I came across an interesting article today which talked about McCain and his charming tendency to describe every international situation as Armageddon cometh. I had never really put it all together in my head previously, but news.com.au blogger Tim Dunlop (blogs.news.com.au/news/blogocracy/index.php/news/comments/foreign_policy_hyperbole_ah_mccain) has brought up an interesting point about America's favourite former POW/senator.

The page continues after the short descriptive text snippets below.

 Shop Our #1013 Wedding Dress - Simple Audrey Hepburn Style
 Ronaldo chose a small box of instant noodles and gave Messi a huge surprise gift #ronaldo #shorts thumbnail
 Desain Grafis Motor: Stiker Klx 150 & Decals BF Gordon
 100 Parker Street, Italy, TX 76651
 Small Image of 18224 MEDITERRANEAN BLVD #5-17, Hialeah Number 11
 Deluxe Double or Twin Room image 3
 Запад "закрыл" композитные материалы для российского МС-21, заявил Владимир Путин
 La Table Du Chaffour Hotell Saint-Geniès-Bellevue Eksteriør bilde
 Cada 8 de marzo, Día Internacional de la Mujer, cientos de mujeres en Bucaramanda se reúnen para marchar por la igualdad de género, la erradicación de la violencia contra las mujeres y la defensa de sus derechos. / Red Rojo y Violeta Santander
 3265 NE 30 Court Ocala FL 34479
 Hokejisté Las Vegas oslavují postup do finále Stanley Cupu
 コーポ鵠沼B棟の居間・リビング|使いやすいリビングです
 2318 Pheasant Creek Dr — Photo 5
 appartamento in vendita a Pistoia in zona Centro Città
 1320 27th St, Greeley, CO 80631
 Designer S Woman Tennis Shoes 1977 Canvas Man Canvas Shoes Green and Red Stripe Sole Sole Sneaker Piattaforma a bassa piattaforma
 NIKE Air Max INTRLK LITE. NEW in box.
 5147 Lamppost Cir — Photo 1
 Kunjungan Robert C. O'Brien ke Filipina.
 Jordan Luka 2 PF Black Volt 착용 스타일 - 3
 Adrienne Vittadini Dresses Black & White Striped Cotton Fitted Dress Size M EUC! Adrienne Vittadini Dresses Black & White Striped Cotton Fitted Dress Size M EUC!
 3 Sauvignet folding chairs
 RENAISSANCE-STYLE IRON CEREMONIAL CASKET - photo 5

As president, his authority and international capacity for action will stem from the balance of his (dis)honesty. Foreigners are used to inconsistency in US foreign policy, but there comes a point where crying wolf reduces your capital somewhat; we've reached that point with Bush over the past few years, to the point where he couldn't organise a multinational root in a UN-sanctioned brothel. McCain stands in good stead of starting from there, with not much hope of truthiness-ing it up to beloved defender of hope and freedom. As Dunlop links and I shameless rip off, a man named Yglesias (presumably more well-known to Americans than Dunlop) makes some great points on a hysteria-based foreign policy - http://yglesias.thinkprogress.org/archives/2008/08/the_hysteria_based_foreign_policy.php
Check it out.
Okay, now that we've both read it, I think there's something to be said about this. As a site with a large number of conservatives who, if they vote, will probably vote for the Macster, how do you reconcile any particular ideas about honesty or effectiveness you might have with the hysteria machine that is McCainist foreign policy? Is there a disconnect, or do you believe that exaggeration is the key to understanding and unity - an absurd view for which I've always had considerable appreciation?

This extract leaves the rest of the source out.